Noble Laureate Professor Muhammad Yunus said, "He was a thorough gentleman and a dedicated scientist. Sorry to see him go."

Minister of Agriculture Dr Abdur Razzaque stated, 'Dr Badruddoza was the one who arranged for me to attend Purdue University for my Ph.D. He always believed in furthering education."
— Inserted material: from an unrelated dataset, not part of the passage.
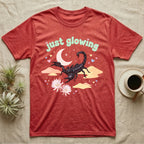 Emperor Scorpion Baby T-Shirt in Heather Red — Black emperor scorpion, pincers raised, under a pastel moon and stars with puffy mint bubble text "just glowing".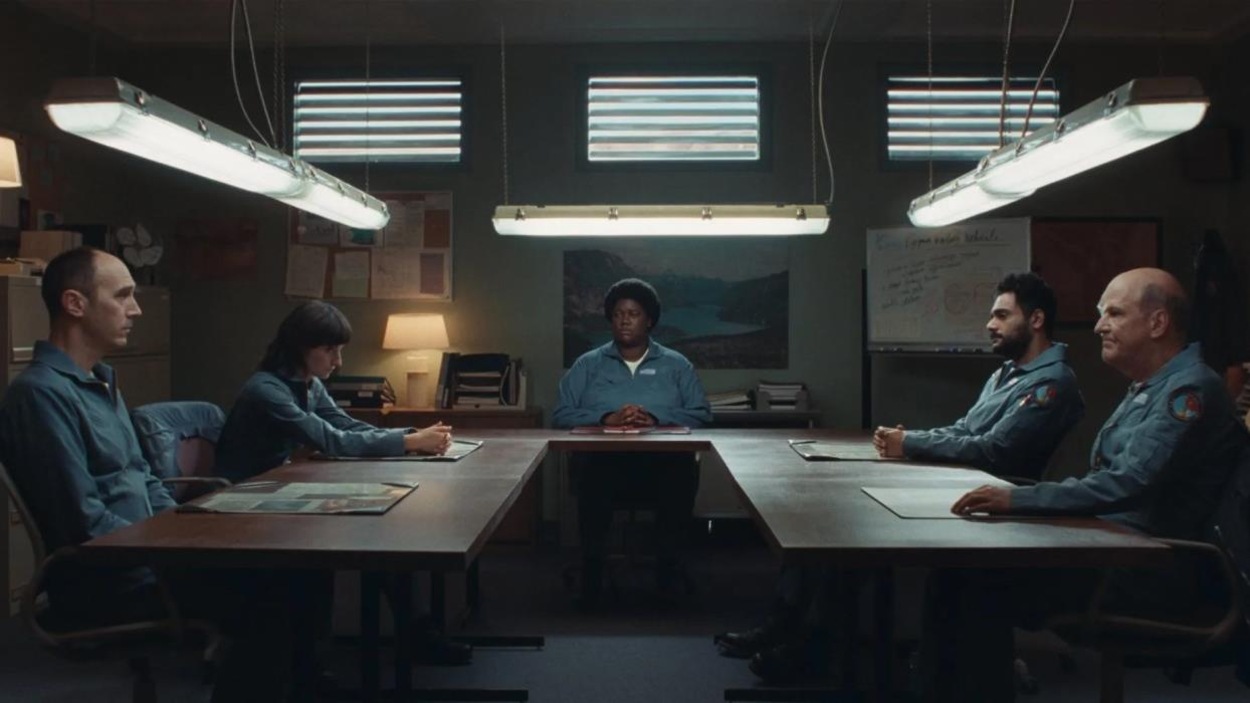 Cinq personnes, en uniformes, assises autour d'une table. Cinq personnes, en uniformes, assises autour d'une table.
Following his wish to return to his roots, Badruddoza was laid to rest in family cemetery in his ancestral town of Gobindganj, where he had last lived as a high school student.

==Awards==

- Tamgha-e-Imtiaz (1968), Pakistan Government, President Ayub Khan.
- Tamgha-e-Pakistan (1969), Pakistan Government, President Ayub Khan.
- Gold Medal (1983), Jebunnessa and Kazi Mahbubullah Jana Kalyan Trust.
- National Emeritus Scientist (1985), Government of Bangladesh.
- Certificate and Award of Appreciation (1985), Ambassador of the United States of America.
- Gold Medal (1991), Third National Convention of the Krishibid Institution.
- Gold Medal (1997), Farmers of Maheswar Chanda Village, and Dr Hasanuzzaman.
- Certificate and Award of Appreciation (1999), Consultative Group of International Agriculture Research (CGIR) and World Bank, Washington DC.
- Gold Medal (2000), Bangladesh Horticulture Association.
- Gold Medal (2003), Deshbandhu Chittaranjan Das Research Council.
- Gold Medal (2005), Plant Breeding and Genetics Society, Bangladesh.
- Gold Medal (2009), Abu Hossain Sarkar Memorial Trust.
- Gold Medal (2010), Bangladesh Academy of Agriculture.
- Gold Medal (2011), The Krishibid Institution, Bangladesh.
- Certificate and Award: Lifelong Honour, Channel 'i' (2010), media organization of Bangladesh.
- Gold Medal (2012), Resource Development Foundation.
- Crest of Merit (2012), Campaign for Sustainable Rural Livelihood (CSRL).
- Independence Day Award (2012) Highest Civilian Award, Bangladesh Government, Prime Minister Sheikh Hasina.
- DeshBandhu Chittaranjan Das Research Council award (2013)
- Dr. M.O Gani Memorial Gold Medal by Bangladesh Academy Sciences and Research Development Foundation (2015)
- Standard Chartered Bank Agro lifetime achievement award (2020), for agriculture research and development.

==Eponyms==
- A variety of guava, Kazipeyara.
- The fungal genus Kaziboletus.
- "Kbd. Dr. Kazi M. Badruddoza Outreach Center" at Bangabandhu Sheikh Mujibur Rahman Agricultural University.